Differentiation in the nascent clinical liquid biopsy space today appears to be driven by a mix of technology (e.g., sequencing chemistry, cell capture technology and informatics) and investment in clinical trials/data to support utility. Commercial differentiation is minimal as few companies have reached the scale where this represents a meaningful differentiator. The intellectual property landscape is also dynamic and expected to support company differentiation in the future.
Looking across the competitive landscape, we define the following clusters:
Early detection using ctDNA. Probably the most exciting segment (given its potential to impact health screening in the general population) includes various players seeking to develop offerings in early cancer detection and screening.
Competitors in this segment are expected to differentiate with clinical data to support test utility. Clinical studies for the general screening population are likely to be massive (~100K patients) in scale and require significant longitudinal analysis.
Grail is the poster child in the early detection space, having raised $1 billion in VC funding and recently embarked on a 120,000 patient study for early breast cancer detection. Many others are eyeing the early detection space, and some may ease their way into the general population applications through trials in at-risk patients, or as a reflex to other screening methods (e.g., low-dose CT, fecal occult blood).
Therapy guidance using ctDNA. This segment is the most crowded and is seeing actual clinical application today in metastatic patients. There is a core group of players deploying NGS-based liquid biopsy panels to support therapy guidance in biopsy-constrained situations. The clear front-runner here is Guardant Health, but many other competitors — several of which also play in the solid-tumor panel NGS space (e.g., Foundation Medicine, Personal Genome Dx) or have some differentiating technology enabling higher sensitivity or smaller sample input amounts — are also present.
Many traditional oncology diagnostics companies (e.g., Roche, Qiagen) have targeted single-gene tests based on PCR in the therapy guidance space, including regulated kits for companion diagnostic biomarkers such as EGFR. Players in this space are also likely to transition into monitoring applications for tested patients (looking at resistance or recurrence in treated metastatic patients).

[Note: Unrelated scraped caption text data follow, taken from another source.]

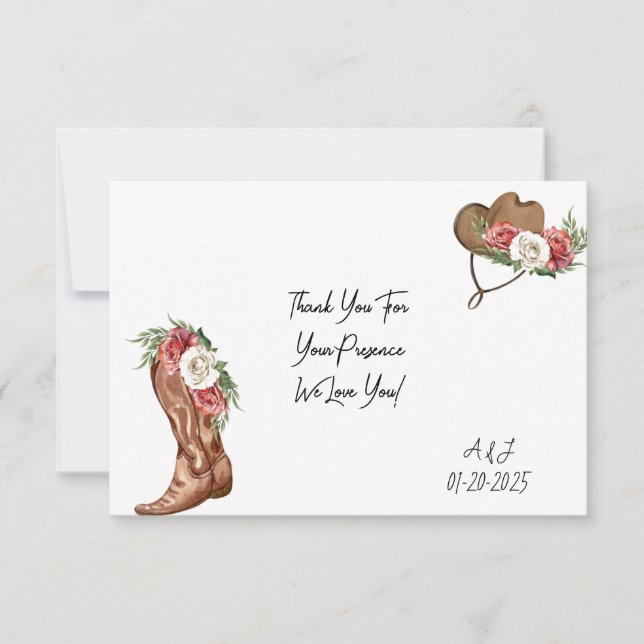 COWGIRL PINK FLORAL BRIDAL SHOWER THANK YOU CARD (Front)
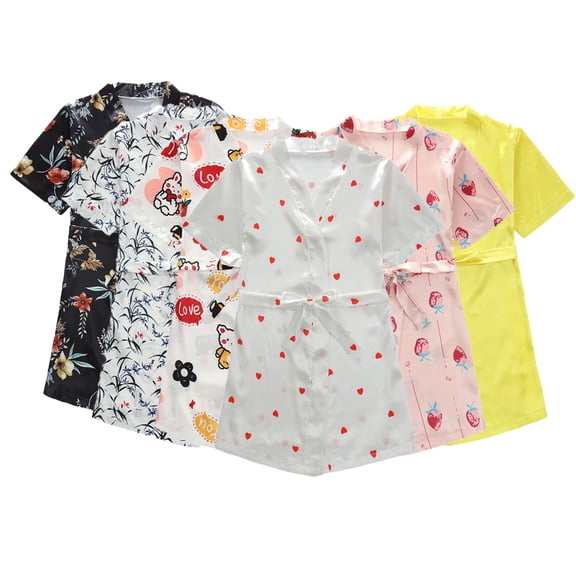 WOLLED 1-7Y Toddler Girls Silky Satin Kimono Robes Kids Baby Floral Short Bathrobes for Wedding Birthday Party Spa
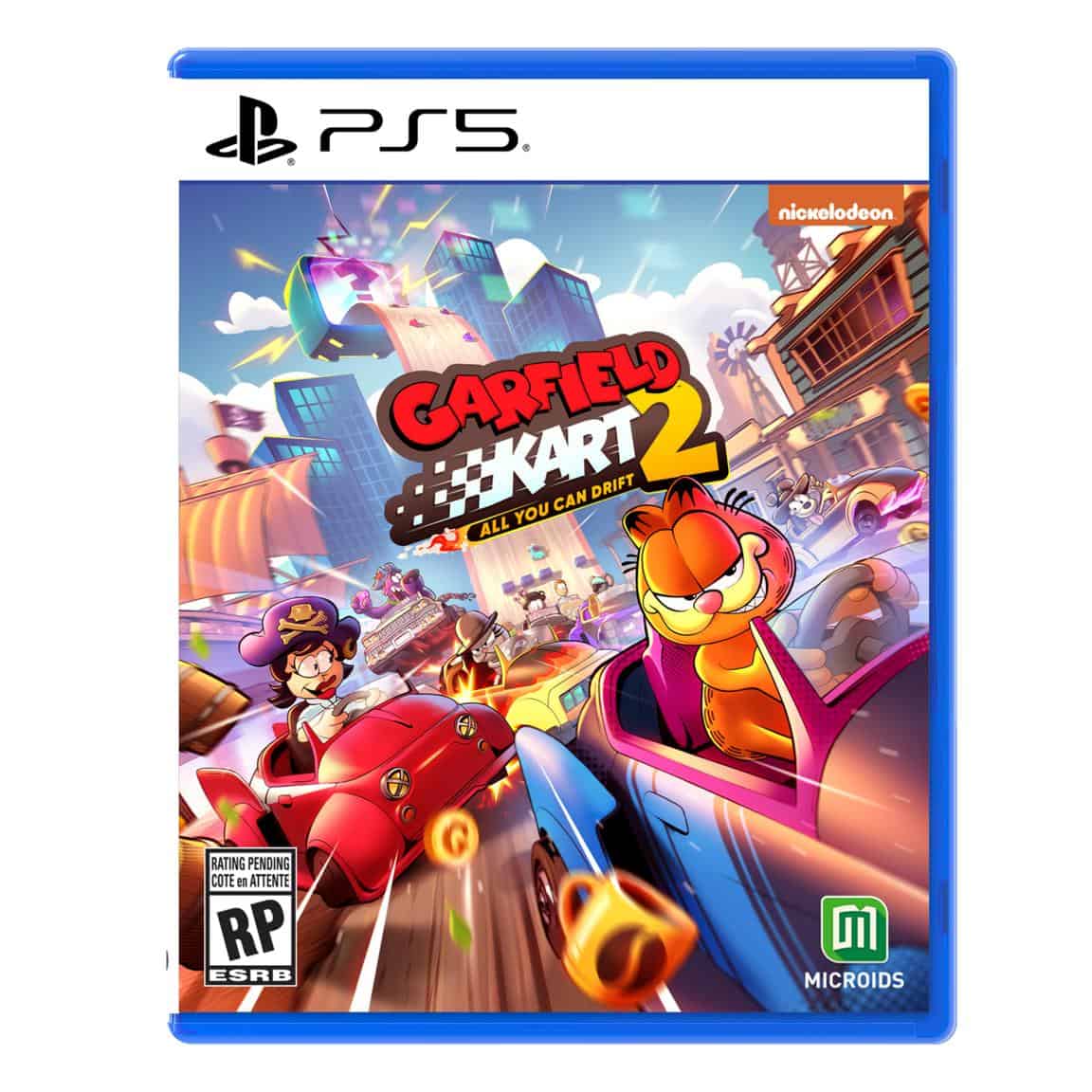 Garfield Kart 2 PS5 game cover with Garfield and racing cars.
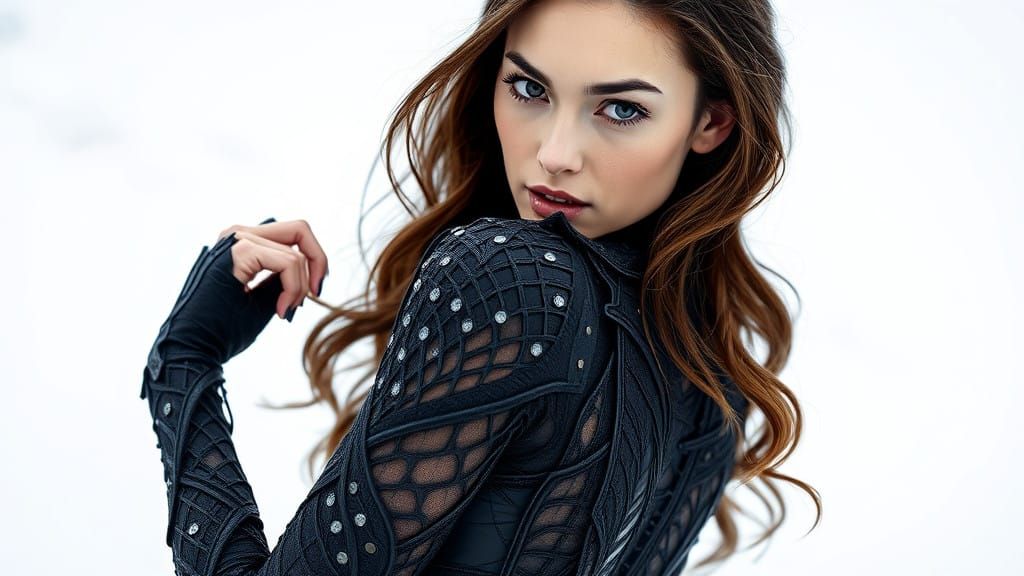 A photograph of Gal Gadot with shimmering hair, wearing a bl...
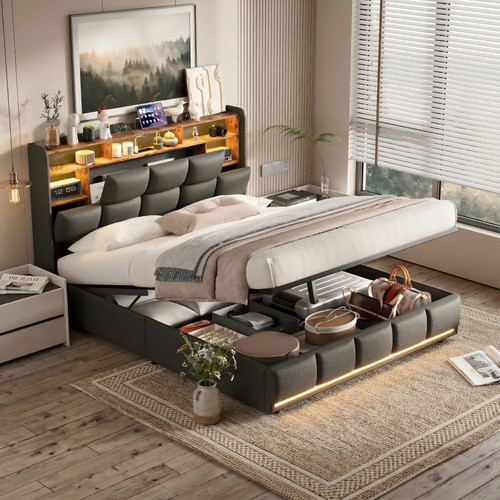 4ft6 double ottoman bed frame - double,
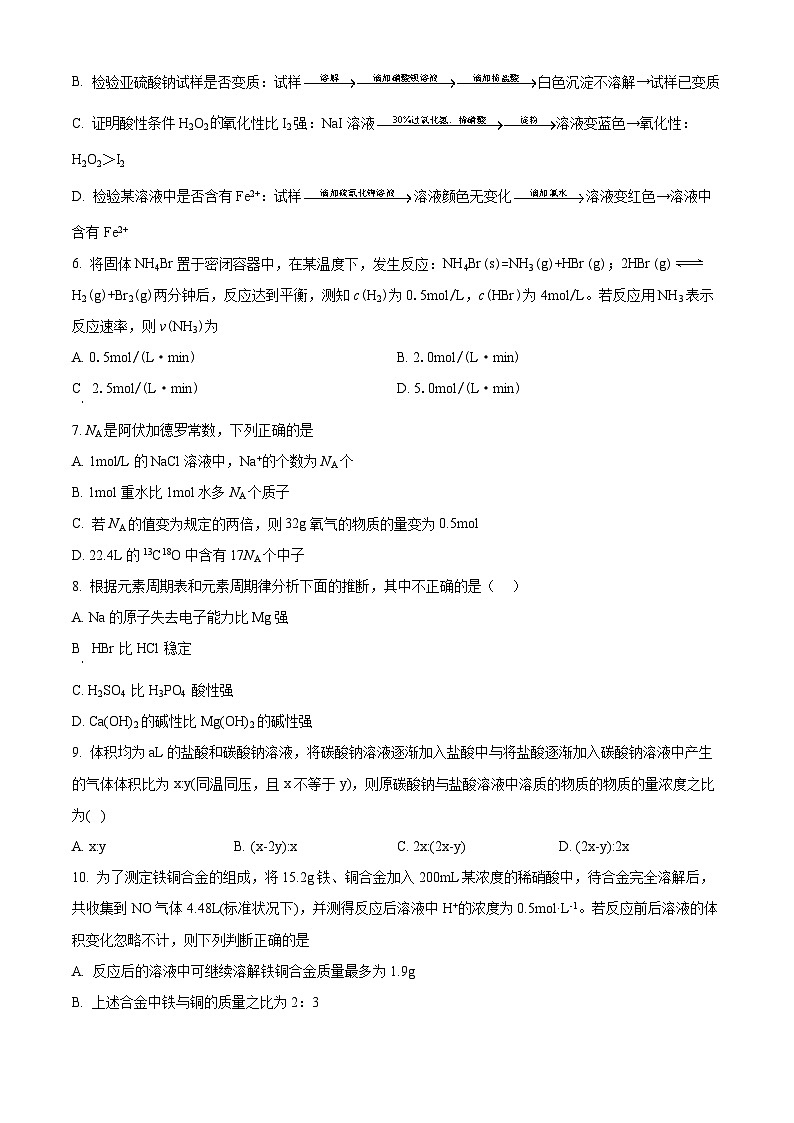 浙江省金华第一中学2023-2024学年高一下学期期中化学试卷（Word版附解析）02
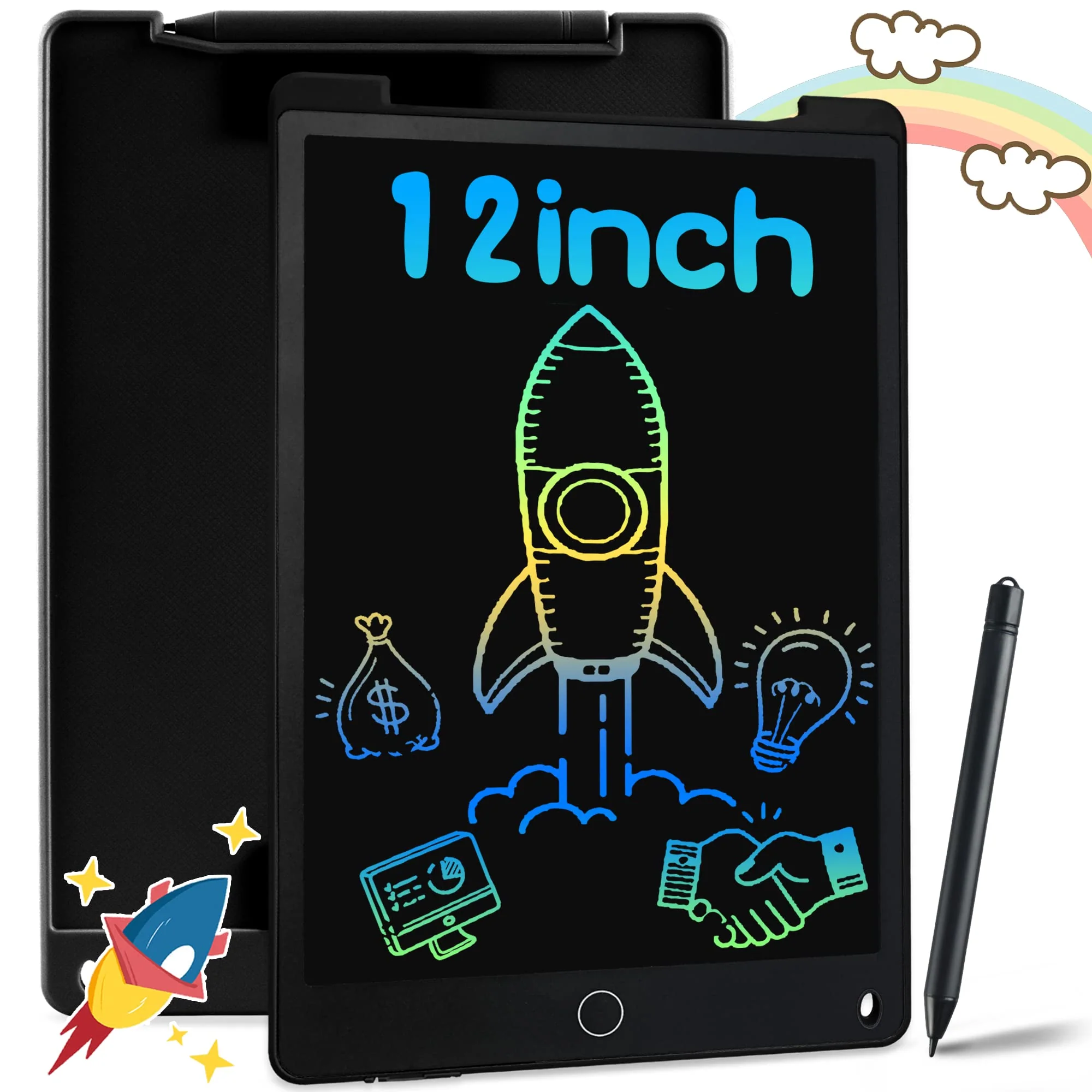 Richgv Bunte LCD Schreibtafel Kinder 12 Zoll,Maltafel Zaubertafel mit Magnet,Löschbarem Handschrift Block Schreibtablett Elektronisch, LCD Zaubertafel Kinder,Lernspielzeuggeschenk für Mädchen & Jungen - Image 4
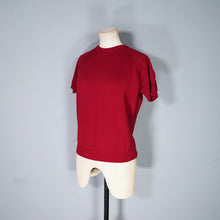 Load image into Gallery viewer, 60s SUPER FINE SOFT KNIT DARK RED SHORT SLEEVE JUMPER - M-L
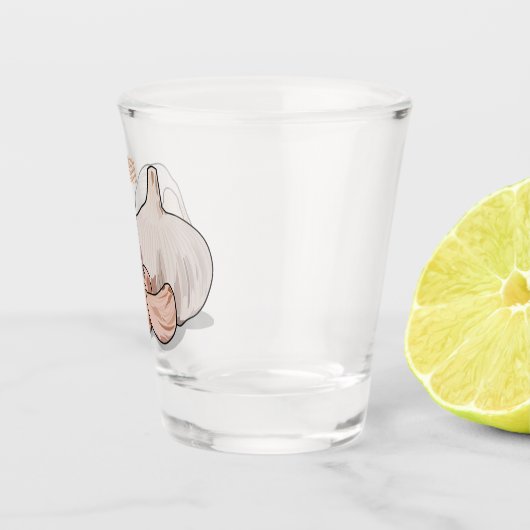 ニンニク漫画イラストレーション ショットグラス (右)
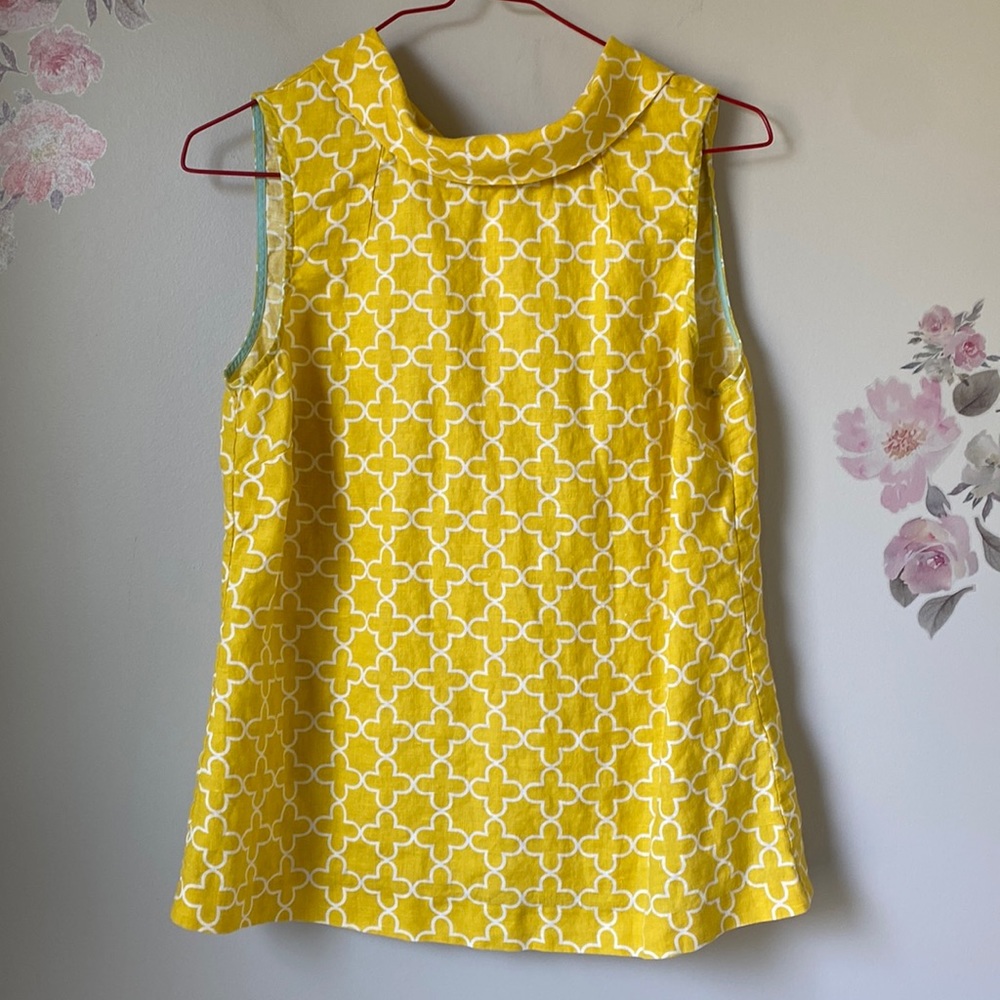 Boden Yellow & White Sleeveless Geometric Print Top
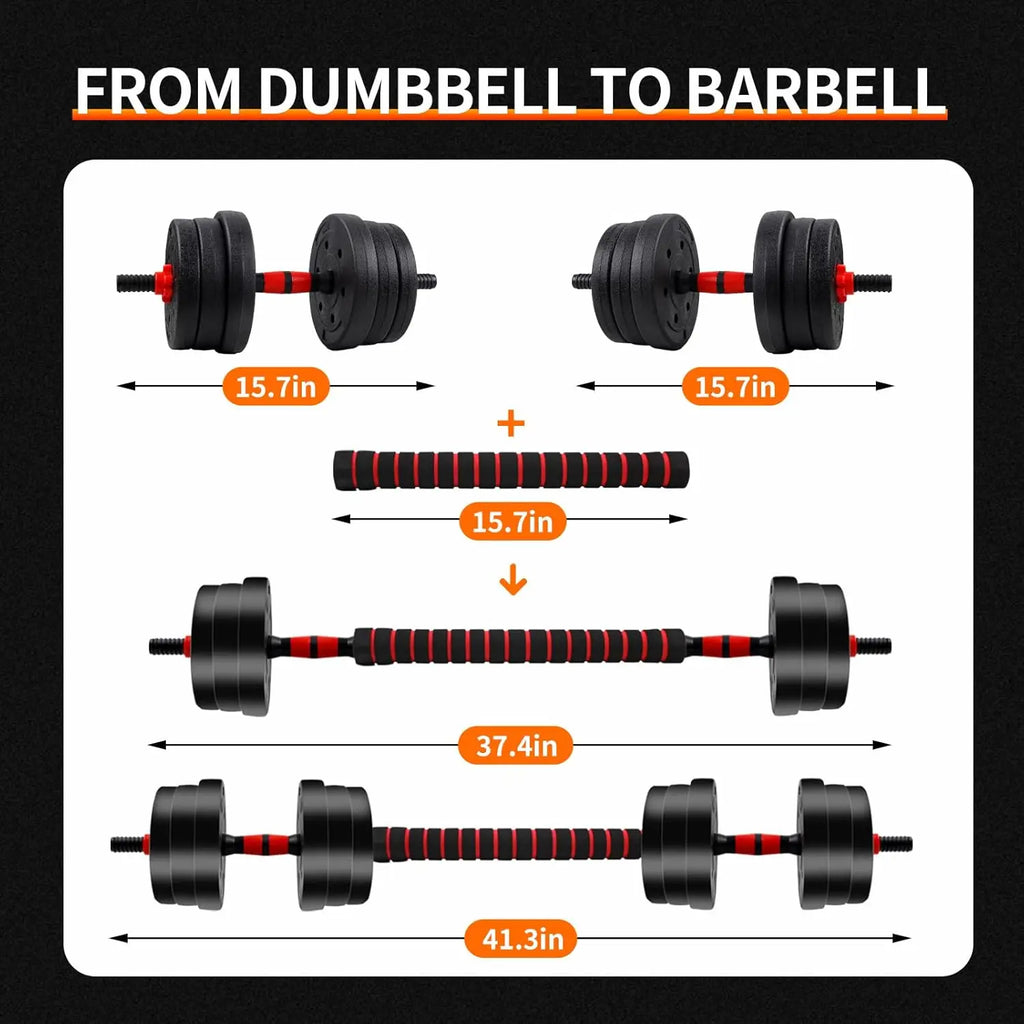 5-44lbs Adjustable Dumbbell To Barbell Set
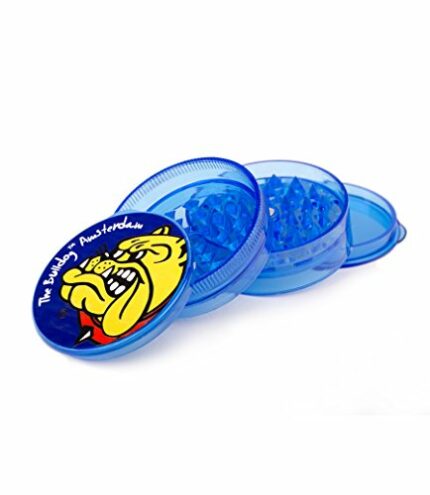 4-Part Plastic 3D Grinder, The Bulldog Amsterdam 2.2 Inch Blue Acrylic Herb Grinders 50mm Diameter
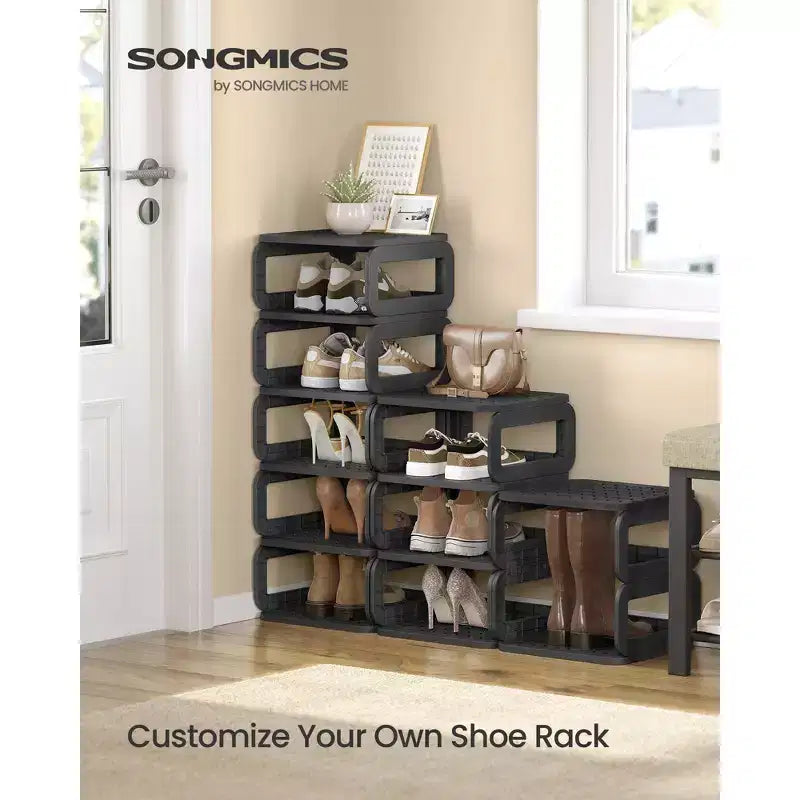 SONGMICS Meuble à Chaussures, Organisateur de Chaussures, 12 Étagères, Rangement de Chaussures, Étagère à Chaussures Étroite, Étagère Ouverte pour Entrée, Salon, Gain de Place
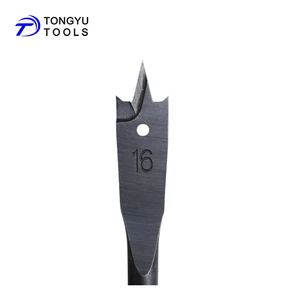 Tri-Point Heavy Duty Shank Flat Wood Spade Drill Bit with Cutting Groove for Wood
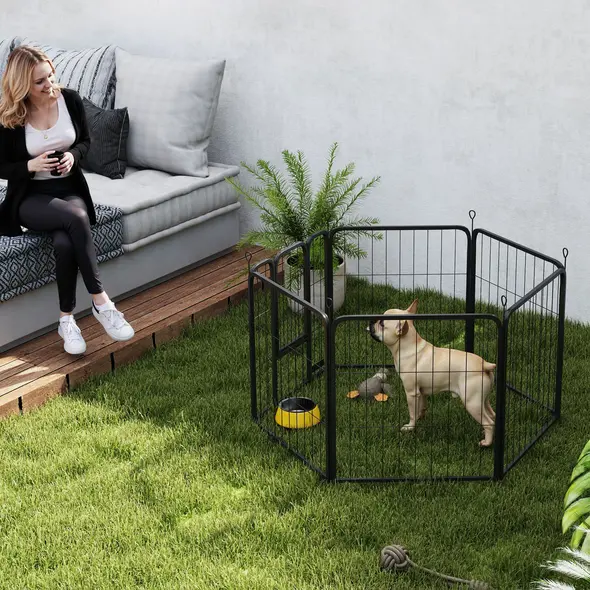 PawHut Six-Panel Dog Playpen with Door, for Small Dogs, Indoors, Outdoors, 60cm Tall, Black - 2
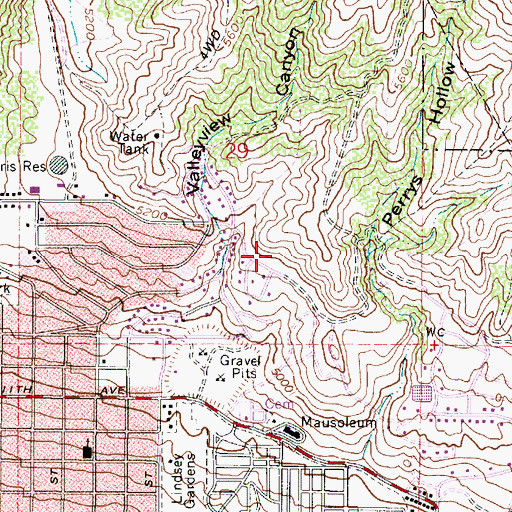 Topographic Map of North Bonneville, UT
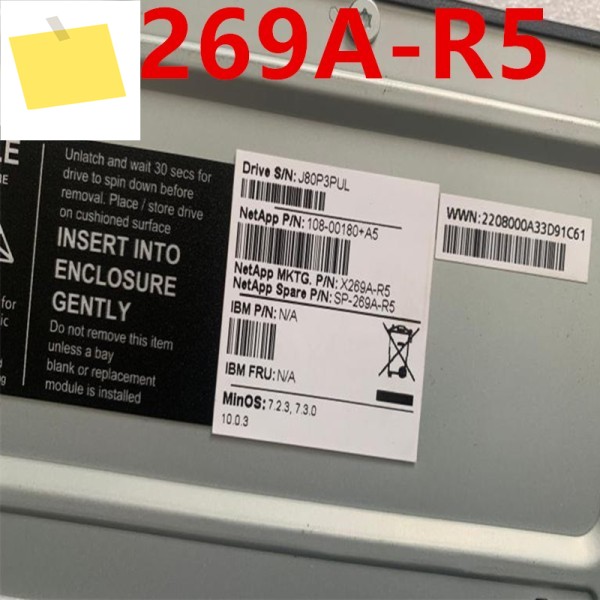 NetApp DS14MK4 용 하드 디스크, X269A-R5 108-00180 1TB 3.5 인치 64MB SATA 7200RPM, 거의 새제품 제품 이미지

Particles and cells (exosomes, nucleosomes, CTCs and immune cells). This is a heterogeneous segment developing varied clinical applications based on analysis of captured particles or cells. In some instances, competitors are enabling existing biomarkers to be measured from blood (e.g., Biocept, Exosome Dx) whereas others are developing novel content (e.g., Epic in prostate cancer and Cynvenio in breast cancer).
Epic is unique in that they do not enrich CTCs; rather, they image cells in a monolayer. Epic has focused efforts on prostate cancer and recently launched an ARV7 test to guide prostate cancer treatment. Cynvenio is interesting in that they are combining multiple techniques for their breast cancer recurrence monitoring test, which includes ctDNA and CTC DNA sequencing, as well as NK cell enumeration. Oncocyte is focused on blood-based immune cell function analysis. Another group of competitors in this space offers tools for CTC capture using various approaches, but is not focused on specific applications.
Significant opportunities lie ahead
The market opportunity associated with liquid biopsy represents one of the largest and most dynamic diagnostics/healthcare opportunities. While we are excited about the market potential and clinical utility, we urge pharma stakeholders, tools companies, diagnostic developers and other market stakeholders to carefully consider the impact liquid biopsy may have on the oncology landscape and what it will take to play and win.